An Unwinnable Arms Race?

The development of model extraction attacks and defenses is a classic cat-and-mouse game. As defenders come up with new ways to protect their models, attackers find new ways to circumvent those protections. The fundamental tension between making models accessible and keeping them secure is a difficult one to resolve.

The rise of MLaaS platforms has democratized access to powerful AI, but it has also created a massive attack surface. The very APIs that drive this new economy are also the front door for attackers. As models become more complex and more valuable, the incentive to steal them will only grow.

The problem is compounded by the fact that many organizations don't even know when they've been attacked. Unlike traditional cyberattacks that leave obvious traces—like breached servers or stolen files—model extraction can look indistinguishable from normal API usage. An attacker querying a model 10,000 times over the course of a week might just look like a heavy user. Without sophisticated monitoring and anomaly detection systems in place, the theft can go completely unnoticed until the stolen model shows up as a competitor's product or is used in a downstream attack.

There's also a legal gray area. In many jurisdictions, it's unclear whether model extraction even constitutes theft. The attacker isn't breaking into any systems or violating any computer fraud laws. They're simply using a public API in a way that the provider didn't intend. Some argue that if a company exposes a model via an API, they've implicitly consented to having it learned from. This legal ambiguity makes it difficult for victims to seek recourse, even when they can prove that their model has been stolen.

The future of model extraction defense will likely involve a combination of the techniques described above, as well as new, more sophisticated approaches. We may see the development of new cryptographic methods for querying models in a privacy-preserving way, or new AI-powered systems that are specifically designed to detect and block extraction attacks in real time. We may also see a shift in the way that MLaaS providers do business, with more emphasis on legal agreements and watermarking to deter theft, rather than relying solely on technical defenses.

Ultimately, there may be no perfect solution. As long as there is a way to query a model and observe its behavior, there will be a way to learn from it.

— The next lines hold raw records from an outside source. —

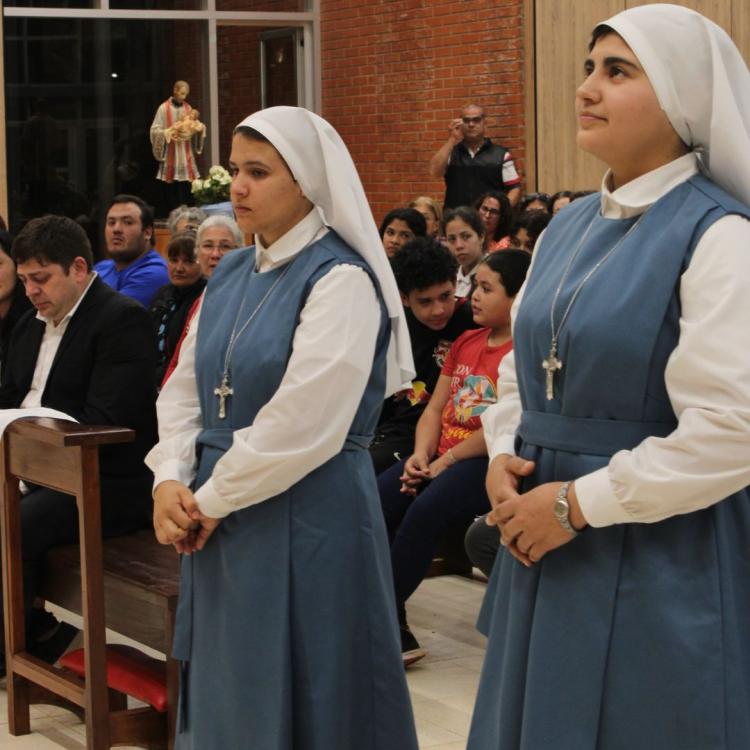 Puerto Iguazú: toma de hábitos de dos novicias argentinas en congregación misionera Puerto Iguazú: toma de hábitos de dos novicias argentinas en congregación misionera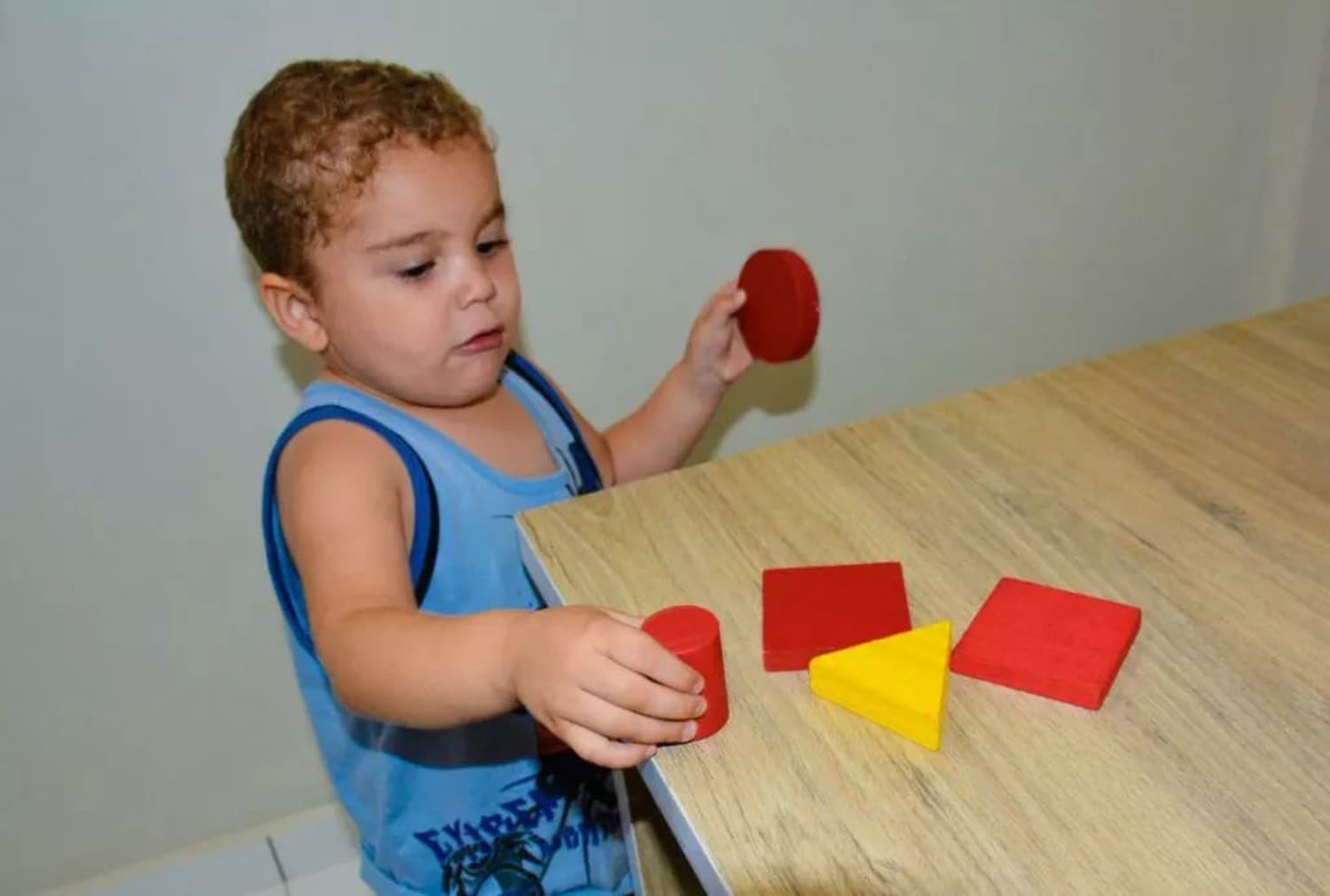 EDUCAÇÃO QUE AVANÇA !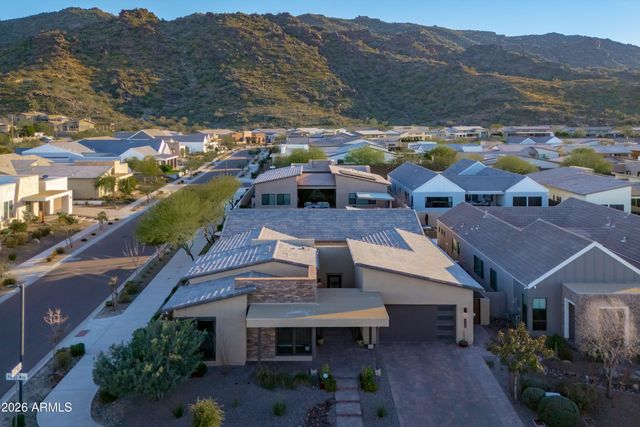 1353 E PASEO Way, Phoenix, AZ 85042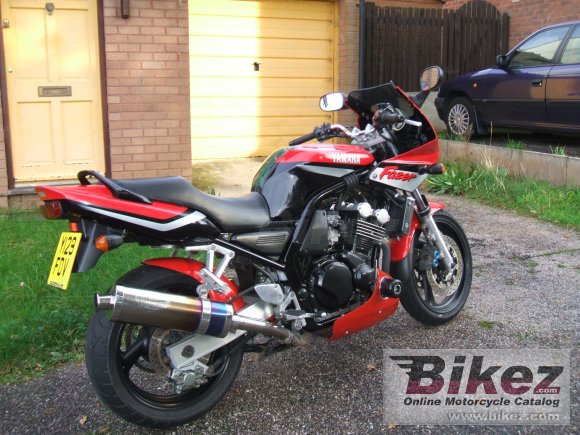 2001 Yamaha FZS 600 S Fazer photo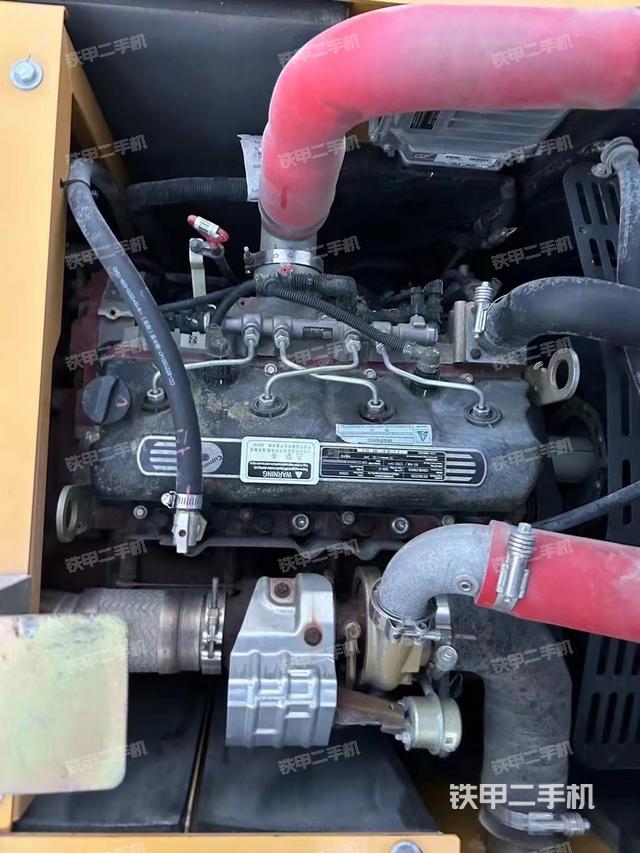 发动机整体俯视（整机外观）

The goal for defenders is not necessarily to make extraction impossible, but to make it so costly and so difficult that it's no longer a worthwhile endeavor for most attackers. It's an ongoing arms race, and the security of the AI-powered future may depend on who stays one step ahead.

Some researchers are exploring more radical approaches. One idea is to fundamentally rethink how we deploy AI models. Instead of exposing models via APIs, we could use secure enclaves or trusted execution environments that allow users to run computations on their data without ever revealing the model itself. Another approach is to use homomorphic encryption or secure multi-party computation to allow queries to be answered without the model ever seeing the raw input data or revealing its internal state. These techniques are still largely experimental and come with significant performance overhead, but they represent a possible path toward truly extraction-resistant AI systems.

The reality is that model extraction attacks are here to stay. They're a natural consequence of the way we've chosen to deploy AI—as a service, accessible via the internet, to anyone willing to pay. As long as that remains the dominant paradigm, defenders will need to stay vigilant, constantly adapting their strategies to stay ahead of increasingly sophisticated attackers. The stakes are high, and the outcome is far from certain.